The Federal Reserve is also...the primary federal supervision of state-member banks, sharing supervisory responsibilities with state supervisory agencies." (Kohn, 2008) Presently more than 870 state member banks hold assets totaling more than $1.5 trillion which represents approximately twelve percent of all commercial banks by number and approximately fourteen percent of all commercial bank assets. (Kohn, 2008; paraphrased) the Federal Reserve holds responsibility for consumer protection in the financial services sector which includes but is not limited to: "...writing and interpreting regulations to carry out many of the major consumer protection laws; reviewing bank compliance with regulations; investigation complaints from the public about compliance with consumer protection laws, and conducting community development activities." (Kohn, 2008; 1) Kohn addresses the "condition of banking supervised by the Federal Reserve and states that "bank holding companies (BHCs) experienced substantial deterioration in asset quality and earnings, largely attributable to the effects of the slowing residential housing market on the quality of mortgage and construction loans. The sharp rise in subprime delinquencies, moreover, adversely affected the securitization market and placed strains on the liquidity and capital of some of the largest BHCs as these institutions brought off-balance sheet exposures onto their books. Many of these institutions also recognized significant valuation write-downs on assets affected by this market volatility." (Kohn, 2008; 1)

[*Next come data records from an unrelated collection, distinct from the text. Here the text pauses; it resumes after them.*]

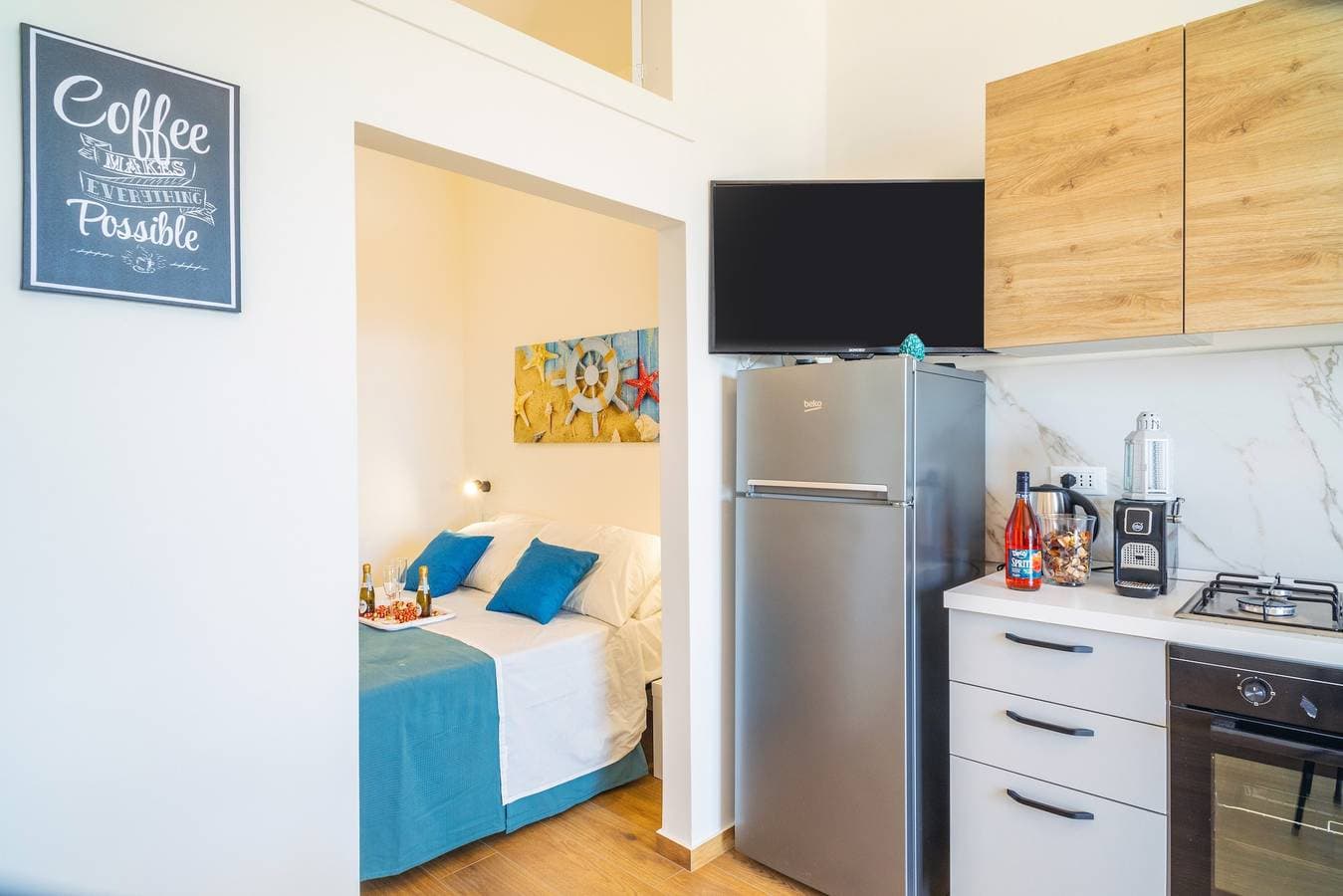 Foto 13 von 26: Ferienwohnung "Il Fronte Mare Di Naxos Sunrise" mit Meerblick, Balkon und WLAN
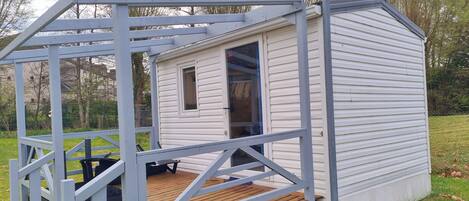 Basic Cabin | Exterior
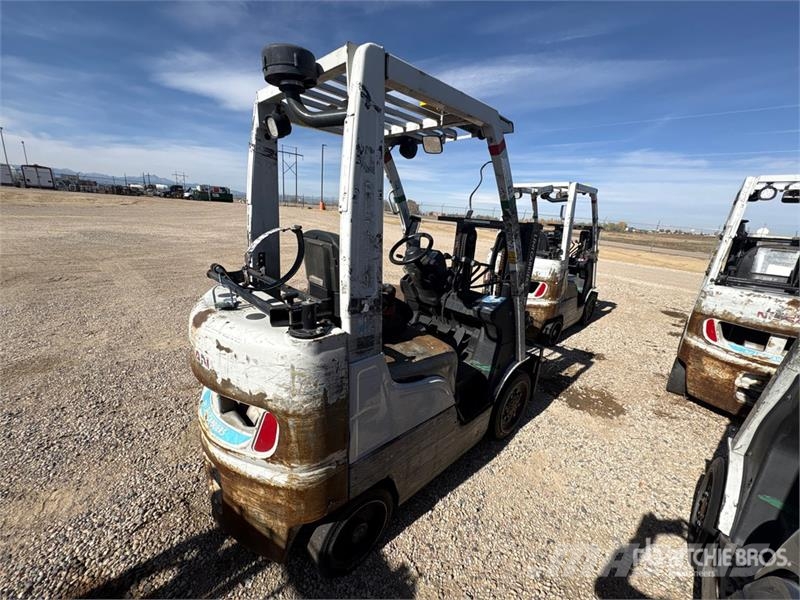 Nissan CF40LP شاحنات ذات رافعات شوكية - أخرى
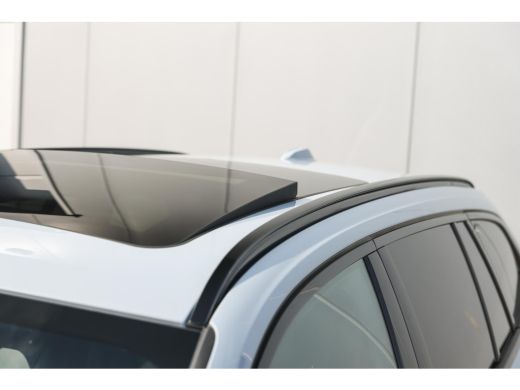 BMW 3 Serie Touring 330e High Executive M Sport Automaat / Panoramadak / Trekhaak / Sportstoelen / Comfort Ac... ActivLease financial lease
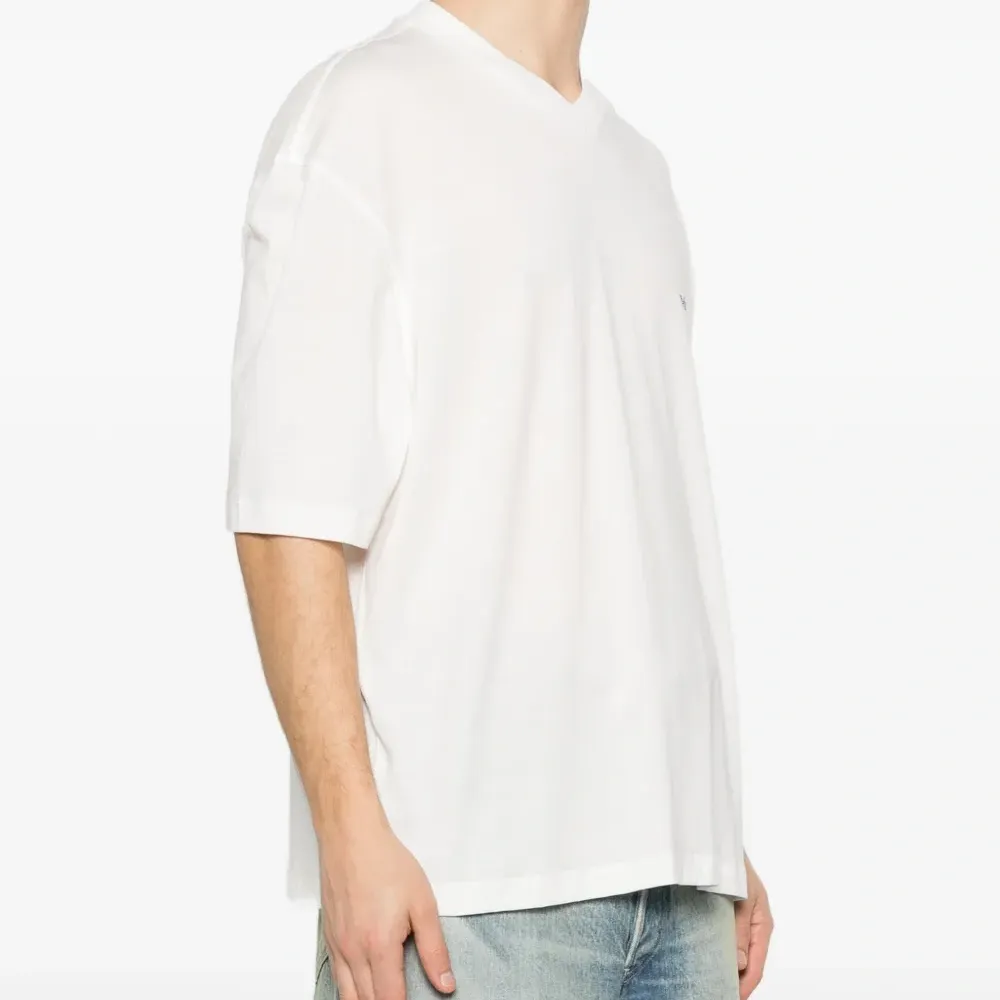 Футболка с принтом логотипа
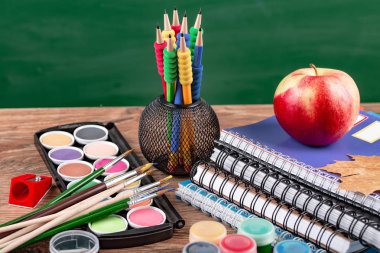 Okul malzemeleri için çalışma masasında bileşiminde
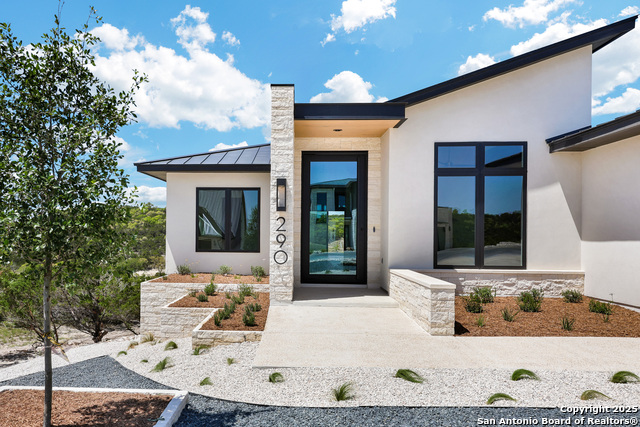 Listing photo id 1 for 290 Preston Trl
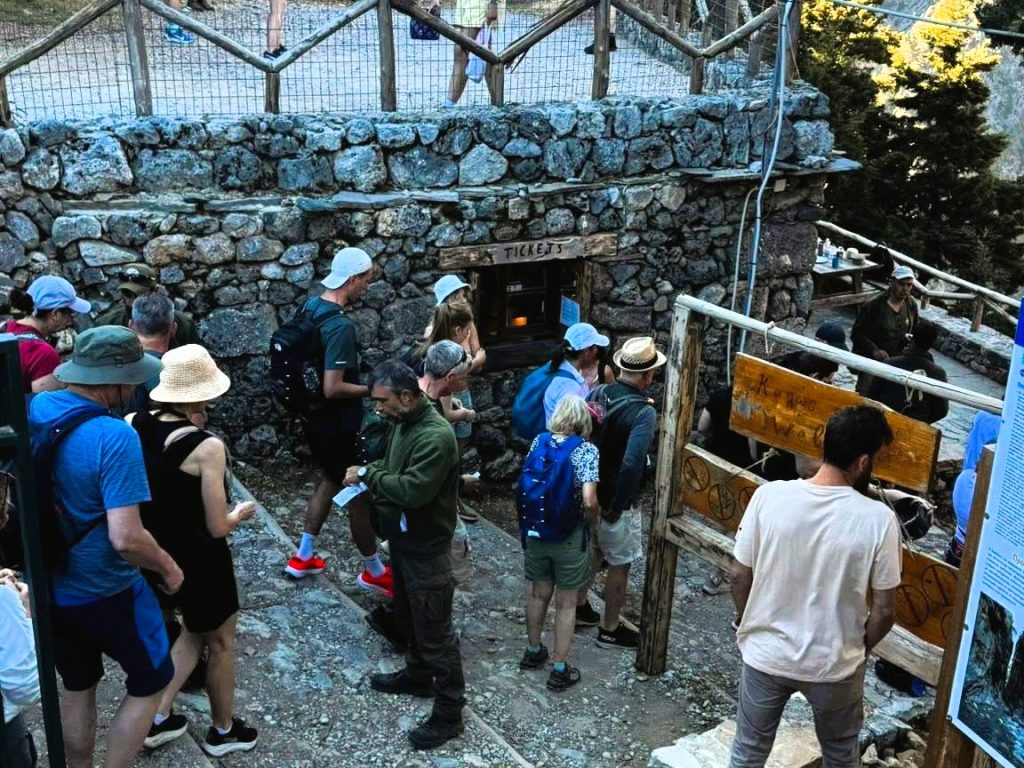 Ξεπερνούν τους 64.000 οι επισκέπτες στον Εθνικό Δρυμό Σαμαριάς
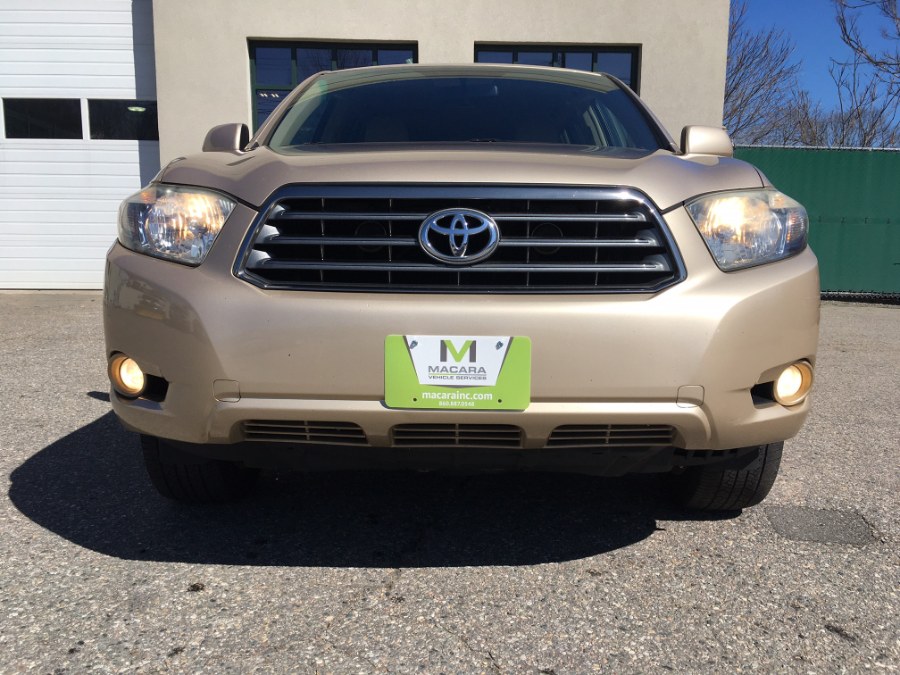 Used Toyota Highlander 4WD 4dr Sport 2008 | MACARA Vehicle Services, Inc. Norwich, Connecticut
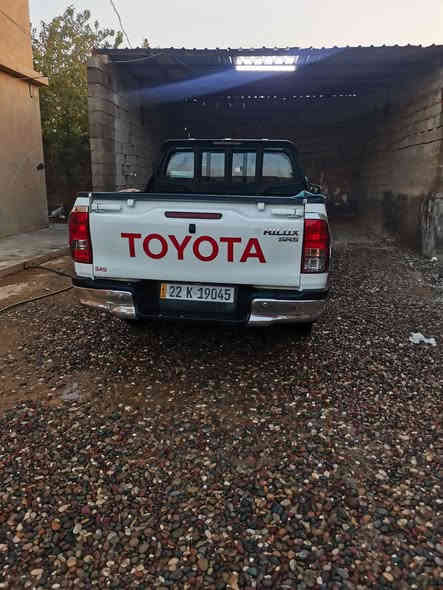 سلام عليكم ورحمة الله وبركاته عندي مرزي ٢٠١٨ فول موصفات رقم شمالي أربيل السياره جديده مال جناي ما تصرف عليه أربع السعر ٢٥٥ وبيه مجال الطيبين رقم الموبايل *********** مكاني صلاح الدين الشرقاط
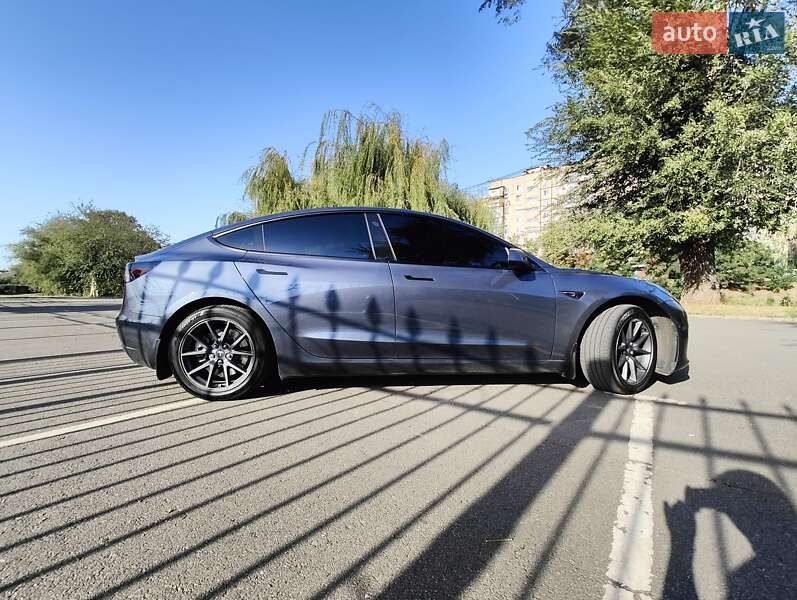 Седан Tesla Model 3 2022 в Кривом Роге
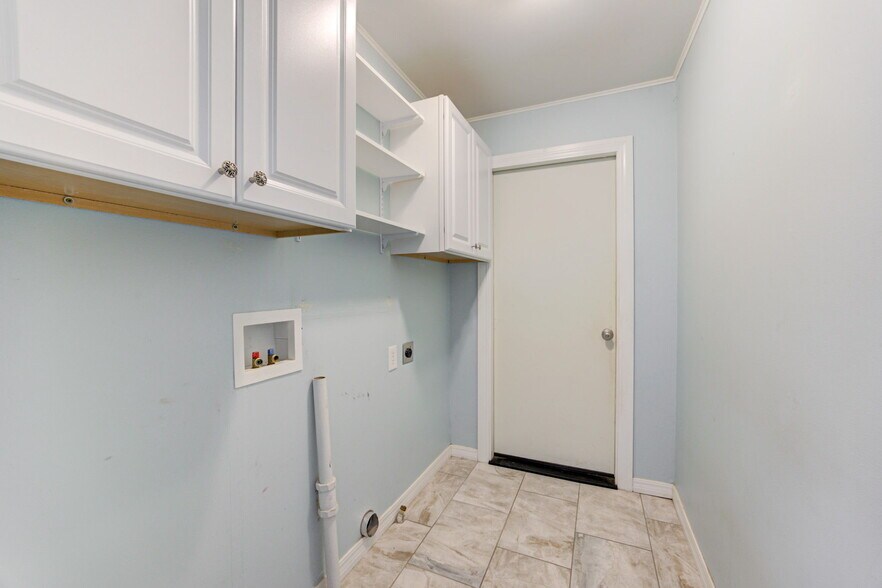 Building Photo - 4121 NW 20th St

Kohn states that when the "sizable write-downs and substantially higher provision s for loan losses are combined the result was a weaker profit for the banking holds companies in 2007 third quarter with overall losses stated at over $8 billion in the fourth quarter based on the preliminary data of the regulatory report." As the quality of mortgage loans weakened, "nonperforming assets also increased notably..." (Kohn, 2008) State member bank, according to Kohn "...entered the recent financial disturbance in sound condition, reporting strong earnings through the first half of 2007, and maintaining high capital rations." (2008) However, the state member banks did show an impact in terms of their profitability in the last half of 2007 "as state member banks increased loan loss provisions, reducing the aggregate return on average assets from 1.4% for the full year 2006 to 1.1% for 2007." (Kohn, 2008)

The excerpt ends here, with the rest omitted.